→ **Directions**: Word for word, return each entry that follows, with every image removed.

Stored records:
-=-=-

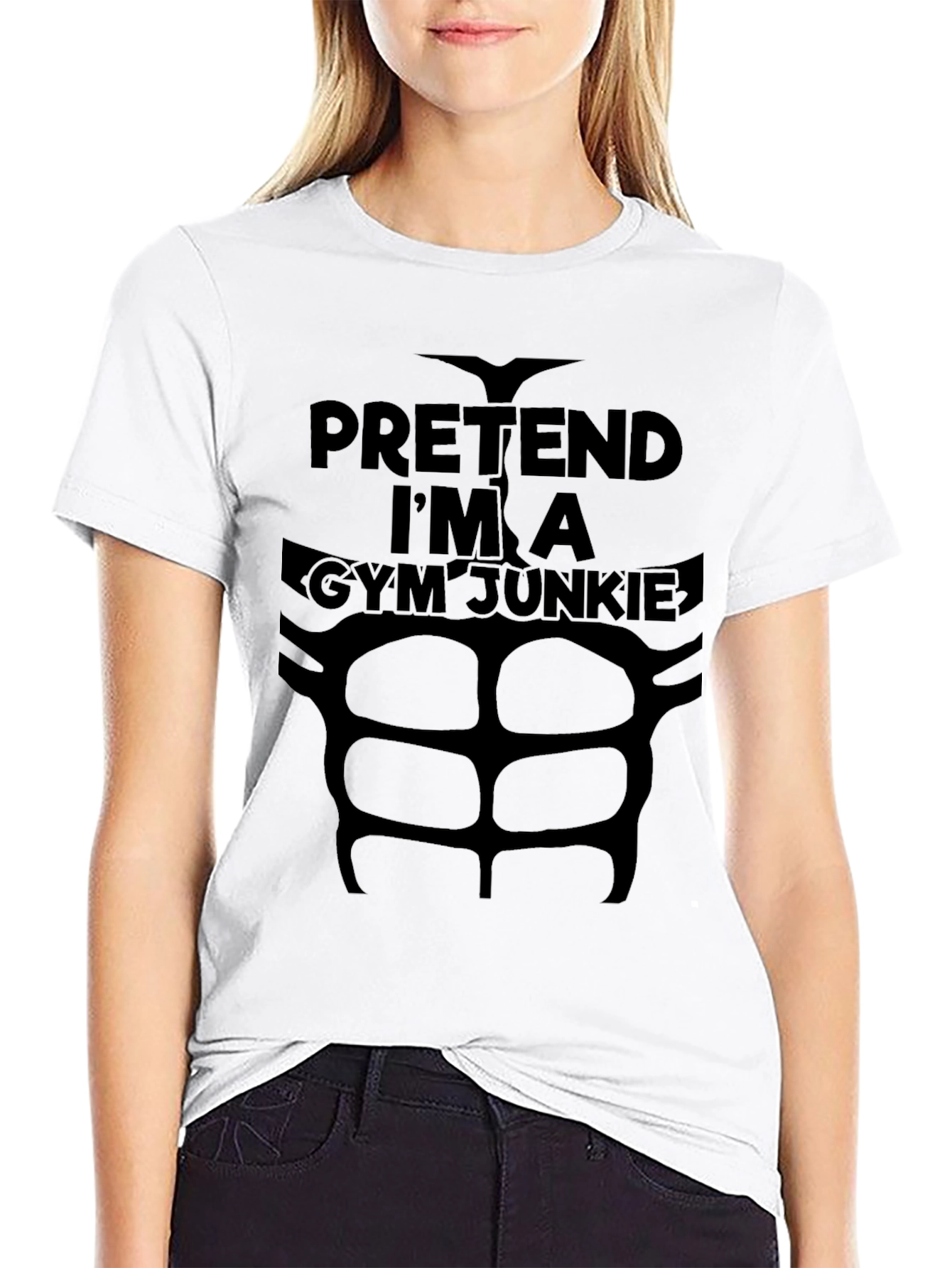 Funny Pretend Gym Junkie Abs T-Shirt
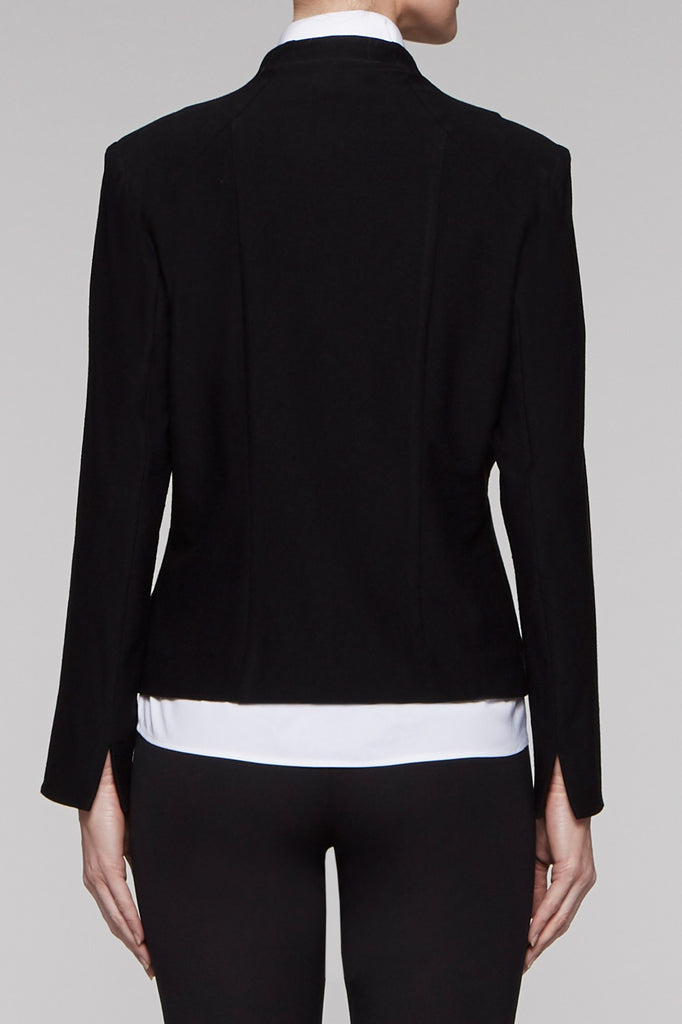 Leather Trim Crepe Jacket Color Black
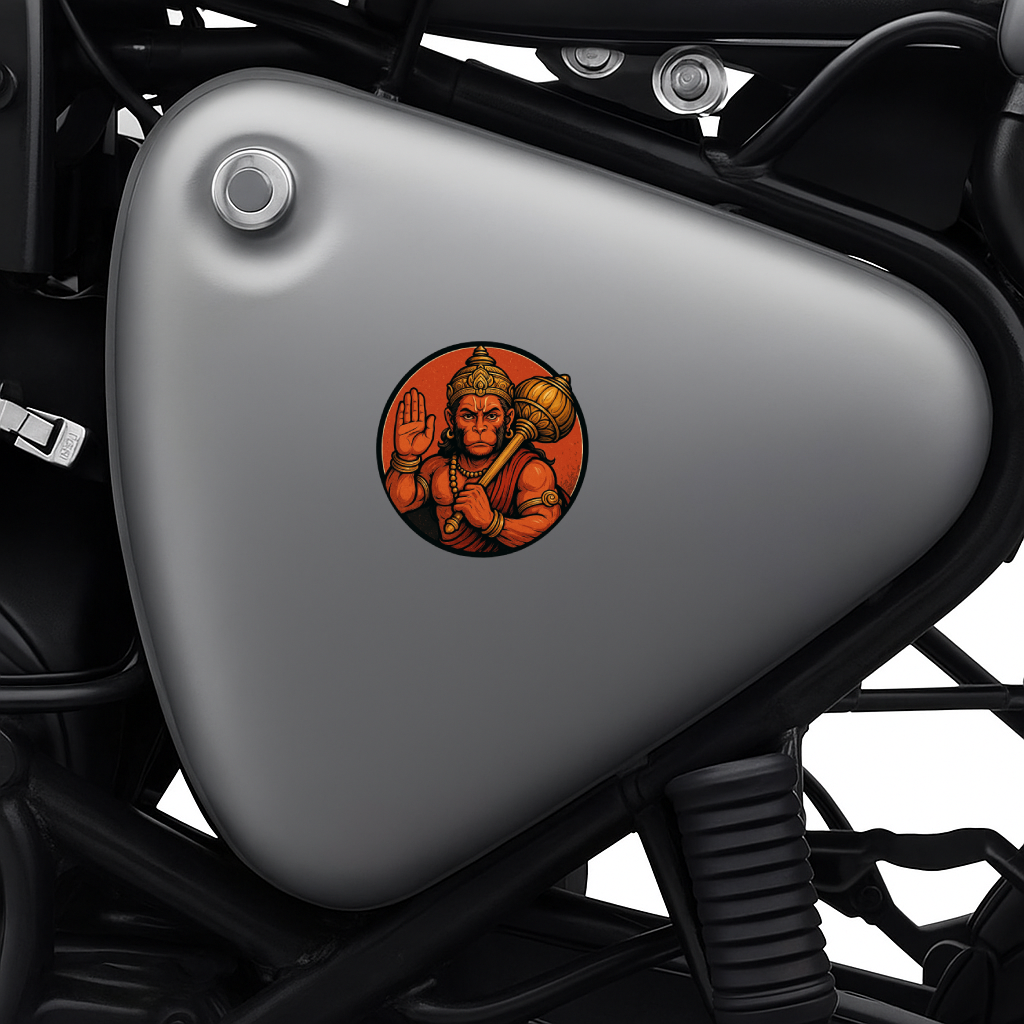 Smeeps Lord Hanuman Bike Sticker – Bold Round Devotional Design – 7.6 x 7.6 cm | Waterproof Vinyl Decal for Bikes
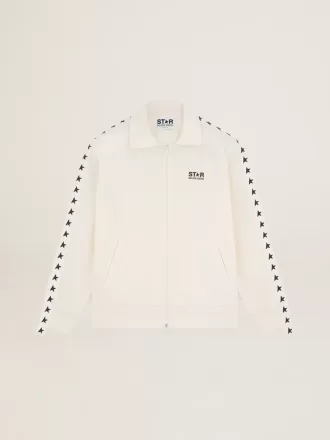 Papyrusvit sweatshirt med dragkedja och svarta stjärnor för herr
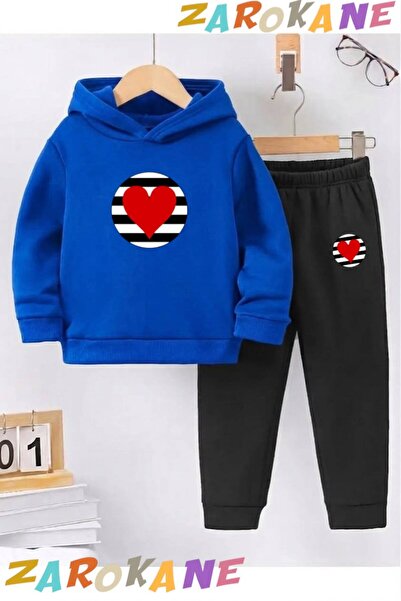 ZAROKANE Heart Printed on Round Cotton Fleece Inside the Winter Children's Ho...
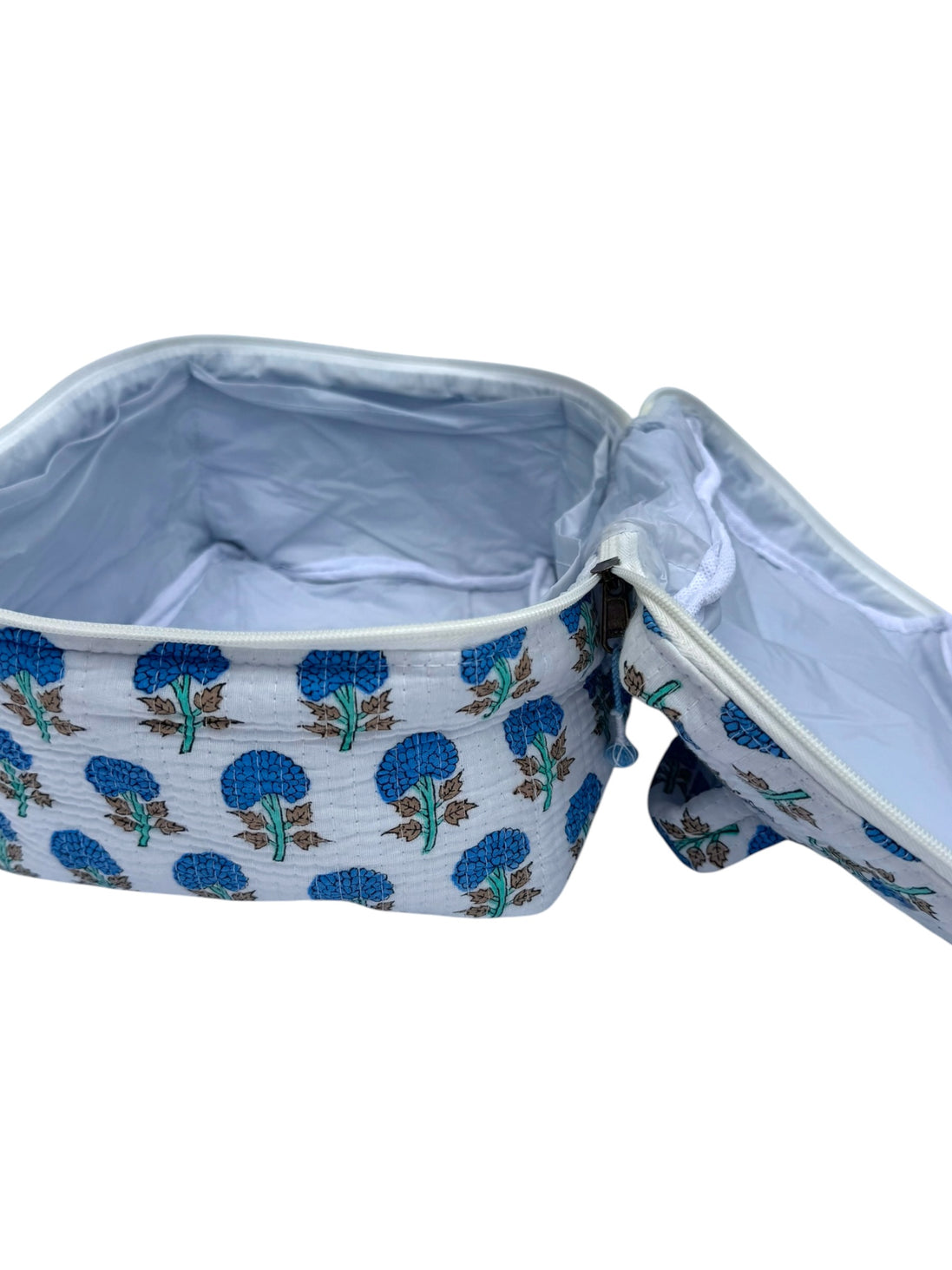 Blue Trees Block Printed Vanity Case / Cosmetic Case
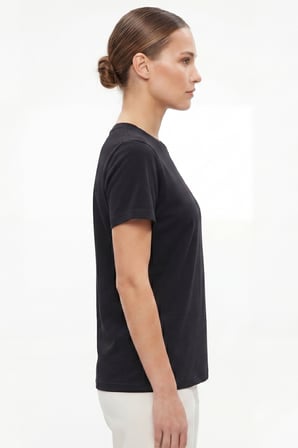 Kadın Vision Bisiklet Yaka Premium Kalite Yoğun Dokulu Pamuklu T-Shirt Siyah W101-R0220-08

-=-=-

→ **Completed task**:
 Funny Pretend Gym Junkie Abs T-Shirt
 Leather Trim Crepe Jacket Color Black
 Smeeps Lord Hanuman Bike Sticker – Bold Round Devotional Design – 7.6 x 7.6 cm | Waterproof Vinyl Decal for Bikes
 Papyrusvit sweatshirt med dragkedja och svarta stjärnor för herr
 ZAROKANE Heart Printed on Round Cotton Fleece Inside the Winter Children's Ho...
 Blue Trees Block Printed Vanity Case / Cosmetic Case
 Kadın Vision Bisiklet Yaka Premium Kalite Yoğun Dokulu Pamuklu T-Shirt Siyah W101-R0220-08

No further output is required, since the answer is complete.